The first has only 1 arrangement, the second has 2!, the third has 3!/2!, the fourth has 1, fifth has 1. So the sum off all possible products is 1*4 + 2!*3 + 3!/2!*2 + 1*4 + 1*1 = 21.

There looks to be an inductive thing going on too. For example any partition of 5 will either just be 5 or the (rearranged) union of partitions of x and y where x+y=5. This is not an obvious problem (to me), you'll need to work out the pattern

 

[pka]

Find combinatorially Sum(a1a2...ak) where the sum is over all compositions a1+a2+...+ak = n

Honestly I have no idea how to approach this. I understand that the values of a1 through ak can be obtained by arranging 1's in a row with boxes between them and then choosing 1 to k plus signs, filling the other boxes with commas, but I don't know if that's relevant to this problem. I'm quite inexperienced at combinatorics.

I see from reply #2 is assuming that these are integer partitions. On That webpage you can change the 4 to any positive integer.

But to me from the question I do not infer that we are dealing with integers.
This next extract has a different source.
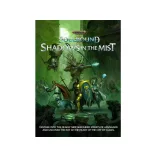 Warhammer Age of Sigmar: Soulbound Shadows The Mist - EN-CB72504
As to using a equation editor here, you must learn to use LaTeX.
Write the code and wrap it in tags \(\displaystyle \text{\(\displaystyle \sum\limits_{j = 1}^k {{a_j}} = n \)}\) gives \(\displaystyle \sum\limits_{j = 1}^k {{a_j}} = n \).

 

[daon2]

pka, what would be another possible interpretation? If the \(\displaystyle a_i\)'s were not positive integers, but instead allowed to be, say, real numbers, all sums would be divergent?

 

[PeterBradshaw]

I'm sorry, I forgot to mention that a is an element of integers.